This academic year will always be remembered by the 2020 graduating classes as the year their exams were cancelled. Whether A-levels or the International Baccalaureate (IB) diploma, across the world students have had to accept that their final grades have been assessed on a new kind of formula.
Many students felt hugely disappointed that they could not sit the exams that would have given them the final opportunity to demonstrate their knowledge; instead teachers had to submit grades and internal assessments.
Around the globe, universities have declared that they accept these new conditions and will acknowledge the results offered by the examination boards; however, this is unchartered territory for both examining bodies and the universities.
Nevertheless, our 18-year-olds must go through the same routine as other years, waiting anxiously for their results, hoping to get into the university or course of their choice. Verdala International School offers the IB diploma, which among other things, has the advantage that the results come out in early July.

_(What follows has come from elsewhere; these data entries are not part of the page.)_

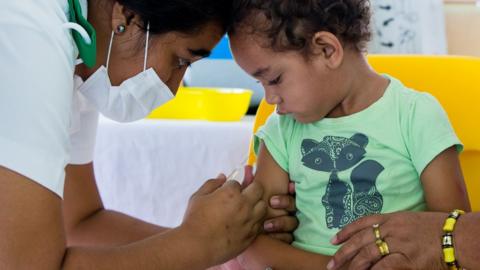 measles vaccination in Samoa, Nov 2019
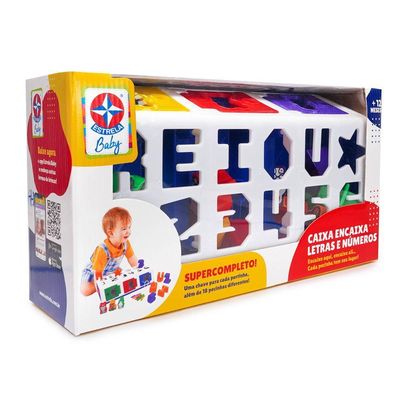 Caixa Encaixa Letras E Números - Brinquedos Estrela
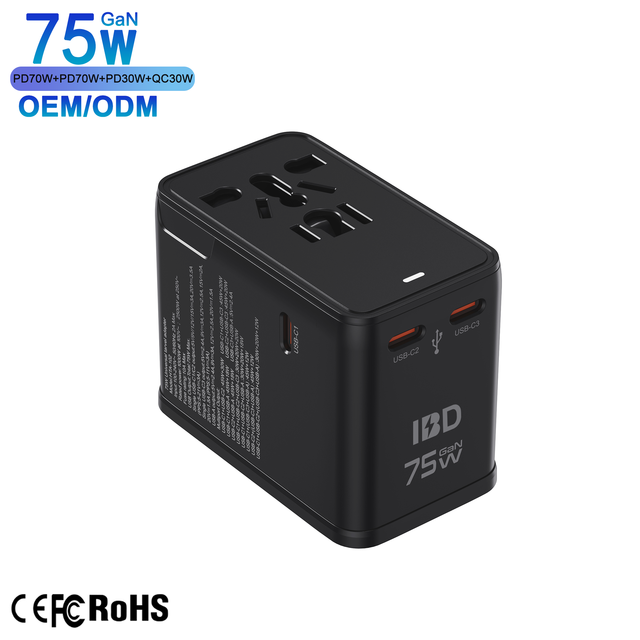 IBD GaN PD 75W Universal Travel Adapter with 3 USB-C 1 USB-A Ports for US EU AU UK Plugs-Fast Charging for Laptops Phones Camera
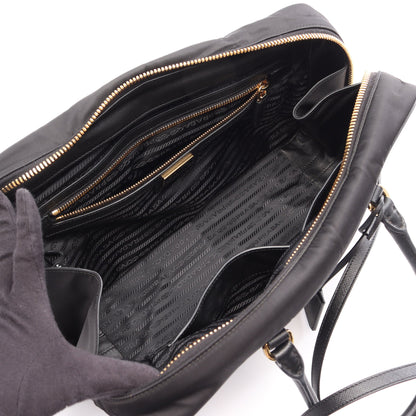 Re-Edition 1978 ミディアム 2WAY ハンドバッグ ナイロン サフィアーノレザー ブラック プラダ バッグ PRADA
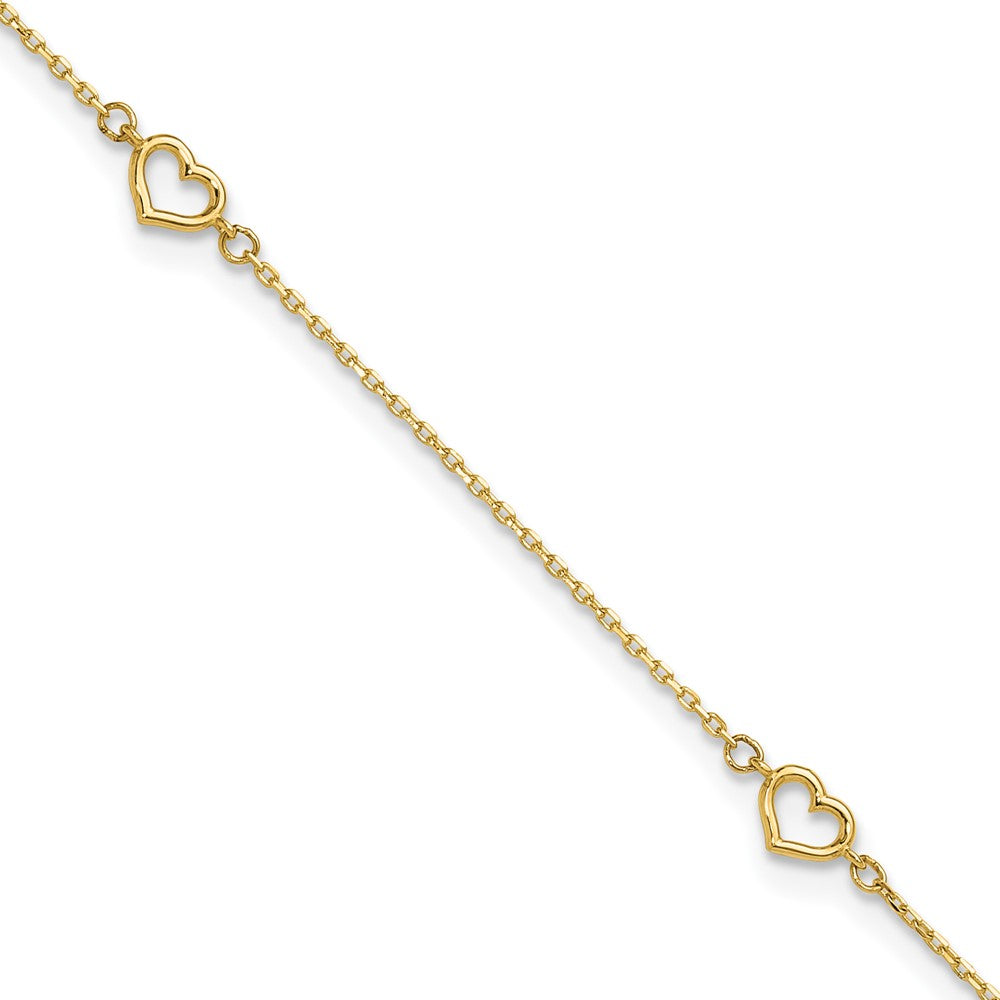 14K Gelbgold Herz 10 Zoll Plus 1 Zoll Verlängerung. Fußkettchen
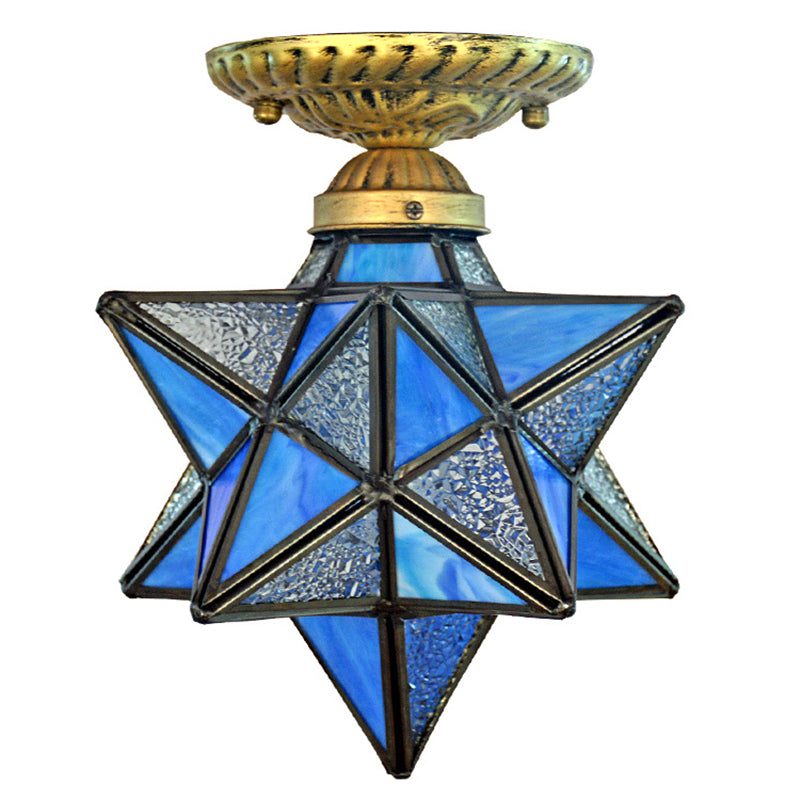 Diamond Shape Ceiling Mounted Light Icy Clear Glass Tiffany Shade Semi Flush Mount for Bedroom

This year, our results were representative of our inclusive school status. We can celebrate with pride those students who achieved over 36 points (out of 45), which is recognised worldwide as scores that open the doors to prominent universities.
For some schools, league tables are proudly distributed to show off their top scorers; however, I would maintain that a truly inclusive school recognises each individual’s success, not as a cohort or representative data.
When a student who started his academic journey with low self-esteem and lack of drive, with a prediction of “may just pass”, comes out with an IB diploma and a 6 (A) in their favourite subject, that is a win-win.
Equally pleasing is the student who struggled with organisation and deadlines, whose potential rose exponentially throughout their journey, who can now joyously sing and dance with a 28-point result that will enable admission to her course of choice.
IB diploma vs A-levels… is like comparing apples and oranges
Like other schools, at VIS we celebrate and salute the annual valedictorian and salutatorian, however, we are equally proud of every child’s learning journey and their personal achievements.
“Which is better” is the most frequent question asked by anyone contemplating the IB diploma vs A-levels. There is a misconception that one is harder than the other as, in many ways, it is like comparing apples and oranges. In the end, both are hard; both require O-levels (or the equivalent) to demonstrate a foundation of ability, and both have expectations of academic rigour.
The IB diploma is an interconnected programme that aims to enhance the 16- to 18-year-old’s knowledge through inquiry and perspective. It fosters a student’s learning journey and the values that contribute to the adolescent’s development, such as reflection, balance, communication, and ethics.
In addition, IB students must undertake acts of community service, an aspect that makes them reflect on their local context.
A-levels, in contrast, can be seen as individual bubbles, still worthwhile on their own but not a collection of intertwined skills; you can take one, two, three or four, and work solidly in each bubble. There is no requirement to connect the dots; it is about the stepping stones towards an examination.
VIS runs the IB diploma programme precisely because it is holistic.
Subject areas do not stand alone but are interlinked through a connecting curriculum that highlights both global and local current affairs.
As our O-level students make their choices about what to do at sixth form, the most important aspect is that they are thinking about their pathway.
At VIS, we support the students in considering their options for university. They may go to Russia, the Netherlands, Singapore or the UK, among others.
But every year quite a few choose to go to the University of Malta where they are welcomed with open arms as critical thinkers and active communicators.
Indeed, our Head of School Award this year was presented to one of our Maltese students who aims to continue higher education at the University of Malta.
As an inclusive school, we are not academically selective, but we are values-selective, and while we know that the IB diploma does not suit all, it is our curriculum of choice because it requires motivation, open-mindedness and a willingness to be part of the stewardship of our planet and all its potential.